■ **Try it**
Where the records below show a line containing "Eine Bar mit", start copying; end with the line containing "Close-up of lit", and copy it too.

(Records excerpted from a collection)
______
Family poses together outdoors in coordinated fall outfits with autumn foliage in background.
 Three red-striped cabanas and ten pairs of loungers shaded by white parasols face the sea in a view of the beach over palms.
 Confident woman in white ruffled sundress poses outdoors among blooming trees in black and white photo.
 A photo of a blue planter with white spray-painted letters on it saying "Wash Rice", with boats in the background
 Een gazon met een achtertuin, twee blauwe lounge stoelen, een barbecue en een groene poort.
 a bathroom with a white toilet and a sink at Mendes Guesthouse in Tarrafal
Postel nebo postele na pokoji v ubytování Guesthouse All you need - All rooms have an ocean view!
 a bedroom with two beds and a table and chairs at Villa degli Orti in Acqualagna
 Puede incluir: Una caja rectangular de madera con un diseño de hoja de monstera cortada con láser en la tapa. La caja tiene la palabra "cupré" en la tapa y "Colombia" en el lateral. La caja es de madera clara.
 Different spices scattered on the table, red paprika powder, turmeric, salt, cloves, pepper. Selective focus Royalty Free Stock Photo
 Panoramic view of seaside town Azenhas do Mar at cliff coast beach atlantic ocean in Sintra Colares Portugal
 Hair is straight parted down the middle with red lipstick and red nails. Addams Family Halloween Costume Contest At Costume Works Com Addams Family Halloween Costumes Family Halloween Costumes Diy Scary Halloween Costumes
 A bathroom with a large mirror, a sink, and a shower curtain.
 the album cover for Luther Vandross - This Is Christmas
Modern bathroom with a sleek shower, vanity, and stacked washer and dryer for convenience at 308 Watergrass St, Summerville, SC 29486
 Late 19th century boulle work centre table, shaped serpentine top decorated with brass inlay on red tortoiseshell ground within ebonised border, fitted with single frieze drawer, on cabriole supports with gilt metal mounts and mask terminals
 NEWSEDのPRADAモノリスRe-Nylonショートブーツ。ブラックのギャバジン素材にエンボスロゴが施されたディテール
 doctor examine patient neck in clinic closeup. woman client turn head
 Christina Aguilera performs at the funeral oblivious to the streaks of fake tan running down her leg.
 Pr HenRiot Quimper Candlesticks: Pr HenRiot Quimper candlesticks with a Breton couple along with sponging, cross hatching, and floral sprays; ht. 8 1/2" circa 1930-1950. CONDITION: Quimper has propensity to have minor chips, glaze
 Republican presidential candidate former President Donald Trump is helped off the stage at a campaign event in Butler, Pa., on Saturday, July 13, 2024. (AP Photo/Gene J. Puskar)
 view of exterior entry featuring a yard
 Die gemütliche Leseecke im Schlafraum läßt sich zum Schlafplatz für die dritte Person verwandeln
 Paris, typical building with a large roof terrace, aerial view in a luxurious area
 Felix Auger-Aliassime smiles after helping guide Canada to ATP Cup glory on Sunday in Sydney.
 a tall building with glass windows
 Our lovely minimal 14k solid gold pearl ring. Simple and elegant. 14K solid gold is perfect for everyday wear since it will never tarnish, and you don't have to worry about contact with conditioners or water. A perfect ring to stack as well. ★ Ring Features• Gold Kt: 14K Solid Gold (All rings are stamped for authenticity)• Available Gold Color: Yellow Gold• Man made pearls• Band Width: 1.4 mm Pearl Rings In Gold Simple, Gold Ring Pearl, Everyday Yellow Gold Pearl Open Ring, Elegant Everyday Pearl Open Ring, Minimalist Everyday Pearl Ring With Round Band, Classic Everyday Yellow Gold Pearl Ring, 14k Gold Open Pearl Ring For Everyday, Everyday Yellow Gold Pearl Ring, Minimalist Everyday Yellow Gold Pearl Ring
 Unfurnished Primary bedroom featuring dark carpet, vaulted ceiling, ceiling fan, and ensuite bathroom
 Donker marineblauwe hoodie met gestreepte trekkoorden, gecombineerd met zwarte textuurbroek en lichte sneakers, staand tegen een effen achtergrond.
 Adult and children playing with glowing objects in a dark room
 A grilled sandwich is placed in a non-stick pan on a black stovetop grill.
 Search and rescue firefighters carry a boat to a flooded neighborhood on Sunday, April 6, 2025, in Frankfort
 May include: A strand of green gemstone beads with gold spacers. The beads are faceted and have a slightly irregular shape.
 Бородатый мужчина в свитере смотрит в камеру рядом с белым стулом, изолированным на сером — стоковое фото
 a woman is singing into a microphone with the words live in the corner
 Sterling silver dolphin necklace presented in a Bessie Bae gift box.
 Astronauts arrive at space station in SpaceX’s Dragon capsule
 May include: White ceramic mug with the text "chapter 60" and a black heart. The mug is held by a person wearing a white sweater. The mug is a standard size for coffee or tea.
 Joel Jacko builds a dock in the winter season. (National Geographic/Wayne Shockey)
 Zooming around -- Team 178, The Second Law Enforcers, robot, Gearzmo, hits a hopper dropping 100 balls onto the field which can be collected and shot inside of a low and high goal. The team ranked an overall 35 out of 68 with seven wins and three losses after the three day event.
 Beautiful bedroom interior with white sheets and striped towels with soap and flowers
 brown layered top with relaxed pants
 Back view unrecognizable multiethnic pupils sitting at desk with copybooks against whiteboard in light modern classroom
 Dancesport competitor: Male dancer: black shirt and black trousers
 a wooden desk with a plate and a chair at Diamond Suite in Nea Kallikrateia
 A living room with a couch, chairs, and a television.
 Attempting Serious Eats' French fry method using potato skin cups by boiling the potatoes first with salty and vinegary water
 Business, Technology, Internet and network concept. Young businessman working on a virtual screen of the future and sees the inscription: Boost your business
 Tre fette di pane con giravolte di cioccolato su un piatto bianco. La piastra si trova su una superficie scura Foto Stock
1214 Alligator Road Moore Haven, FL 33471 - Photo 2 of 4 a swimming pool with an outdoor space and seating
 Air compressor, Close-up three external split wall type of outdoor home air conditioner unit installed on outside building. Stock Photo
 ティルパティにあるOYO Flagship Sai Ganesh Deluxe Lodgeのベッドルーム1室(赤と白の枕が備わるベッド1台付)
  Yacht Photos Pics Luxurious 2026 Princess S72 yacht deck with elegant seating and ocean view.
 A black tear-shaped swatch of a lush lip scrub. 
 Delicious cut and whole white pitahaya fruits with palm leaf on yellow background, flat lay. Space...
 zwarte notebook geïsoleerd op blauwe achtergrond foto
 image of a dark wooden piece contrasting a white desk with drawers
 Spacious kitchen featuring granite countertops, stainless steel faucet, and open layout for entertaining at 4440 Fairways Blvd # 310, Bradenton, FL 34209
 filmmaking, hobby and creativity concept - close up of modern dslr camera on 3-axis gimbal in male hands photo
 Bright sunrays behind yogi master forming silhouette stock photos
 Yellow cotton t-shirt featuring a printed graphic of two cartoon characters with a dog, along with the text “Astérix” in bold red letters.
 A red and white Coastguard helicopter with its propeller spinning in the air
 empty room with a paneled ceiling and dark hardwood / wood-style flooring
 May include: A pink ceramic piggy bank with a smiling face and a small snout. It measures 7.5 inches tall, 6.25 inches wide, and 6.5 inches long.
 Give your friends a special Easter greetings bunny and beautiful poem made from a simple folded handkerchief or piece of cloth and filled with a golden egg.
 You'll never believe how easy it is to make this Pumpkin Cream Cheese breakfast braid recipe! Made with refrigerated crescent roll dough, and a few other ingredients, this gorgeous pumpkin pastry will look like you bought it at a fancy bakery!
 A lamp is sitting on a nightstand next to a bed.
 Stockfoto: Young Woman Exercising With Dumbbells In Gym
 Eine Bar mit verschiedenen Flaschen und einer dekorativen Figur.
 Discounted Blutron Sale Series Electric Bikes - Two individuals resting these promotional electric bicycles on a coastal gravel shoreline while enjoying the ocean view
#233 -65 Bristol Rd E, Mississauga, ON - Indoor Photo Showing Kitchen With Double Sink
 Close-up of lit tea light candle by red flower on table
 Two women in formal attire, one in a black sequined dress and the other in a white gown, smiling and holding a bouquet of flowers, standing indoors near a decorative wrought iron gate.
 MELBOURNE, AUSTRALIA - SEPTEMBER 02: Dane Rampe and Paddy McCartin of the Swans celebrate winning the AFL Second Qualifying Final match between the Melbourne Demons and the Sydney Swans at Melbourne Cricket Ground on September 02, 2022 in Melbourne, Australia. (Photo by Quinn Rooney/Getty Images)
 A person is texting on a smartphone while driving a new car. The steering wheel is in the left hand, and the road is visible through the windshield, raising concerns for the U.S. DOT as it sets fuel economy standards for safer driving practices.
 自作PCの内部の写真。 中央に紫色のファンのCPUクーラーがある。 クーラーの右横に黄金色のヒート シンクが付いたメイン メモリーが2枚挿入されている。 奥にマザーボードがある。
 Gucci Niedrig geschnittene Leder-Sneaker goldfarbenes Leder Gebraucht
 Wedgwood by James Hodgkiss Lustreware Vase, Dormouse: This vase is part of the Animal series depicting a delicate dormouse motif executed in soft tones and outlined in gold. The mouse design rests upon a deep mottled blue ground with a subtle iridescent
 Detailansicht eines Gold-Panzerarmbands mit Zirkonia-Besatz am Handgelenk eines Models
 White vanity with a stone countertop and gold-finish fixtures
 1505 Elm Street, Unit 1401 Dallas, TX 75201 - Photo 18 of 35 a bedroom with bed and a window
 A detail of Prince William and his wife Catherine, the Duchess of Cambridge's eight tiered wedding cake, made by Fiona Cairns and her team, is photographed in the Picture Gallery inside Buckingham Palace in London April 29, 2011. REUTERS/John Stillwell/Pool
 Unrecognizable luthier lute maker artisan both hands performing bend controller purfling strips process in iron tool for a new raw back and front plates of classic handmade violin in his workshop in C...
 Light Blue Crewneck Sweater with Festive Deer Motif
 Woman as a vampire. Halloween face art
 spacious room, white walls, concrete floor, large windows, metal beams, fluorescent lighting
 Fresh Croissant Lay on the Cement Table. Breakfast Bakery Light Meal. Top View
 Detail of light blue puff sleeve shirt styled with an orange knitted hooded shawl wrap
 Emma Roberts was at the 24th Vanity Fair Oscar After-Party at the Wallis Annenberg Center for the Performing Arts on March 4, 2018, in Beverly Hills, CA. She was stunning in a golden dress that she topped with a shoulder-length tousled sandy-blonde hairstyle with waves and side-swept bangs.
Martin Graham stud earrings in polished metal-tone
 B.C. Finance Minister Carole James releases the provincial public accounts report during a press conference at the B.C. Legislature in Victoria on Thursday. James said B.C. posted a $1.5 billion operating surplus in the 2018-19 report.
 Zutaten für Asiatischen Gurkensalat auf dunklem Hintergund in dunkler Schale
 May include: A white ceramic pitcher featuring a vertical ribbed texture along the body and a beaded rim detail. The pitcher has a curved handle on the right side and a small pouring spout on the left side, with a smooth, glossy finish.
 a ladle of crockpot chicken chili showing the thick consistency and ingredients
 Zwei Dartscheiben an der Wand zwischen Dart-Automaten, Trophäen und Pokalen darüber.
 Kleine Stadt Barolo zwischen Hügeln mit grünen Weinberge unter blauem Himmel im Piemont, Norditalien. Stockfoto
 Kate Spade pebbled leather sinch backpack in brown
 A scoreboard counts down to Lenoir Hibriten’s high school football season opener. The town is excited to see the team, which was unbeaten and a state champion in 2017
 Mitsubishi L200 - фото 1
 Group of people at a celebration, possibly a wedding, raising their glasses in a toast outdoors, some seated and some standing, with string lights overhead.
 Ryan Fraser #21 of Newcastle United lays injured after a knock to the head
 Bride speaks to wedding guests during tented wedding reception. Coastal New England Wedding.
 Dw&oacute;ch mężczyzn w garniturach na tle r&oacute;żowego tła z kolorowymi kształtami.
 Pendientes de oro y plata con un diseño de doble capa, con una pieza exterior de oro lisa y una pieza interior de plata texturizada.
______
■ **Exercise answer**
 Eine Bar mit verschiedenen Flaschen und einer dekorativen Figur.
 Discounted Blutron Sale Series Electric Bikes - Two individuals resting these promotional electric bicycles on a coastal gravel shoreline while enjoying the ocean view
#233 -65 Bristol Rd E, Mississauga, ON - Indoor Photo Showing Kitchen With Double Sink
 Close-up of lit tea light candle by red flower on table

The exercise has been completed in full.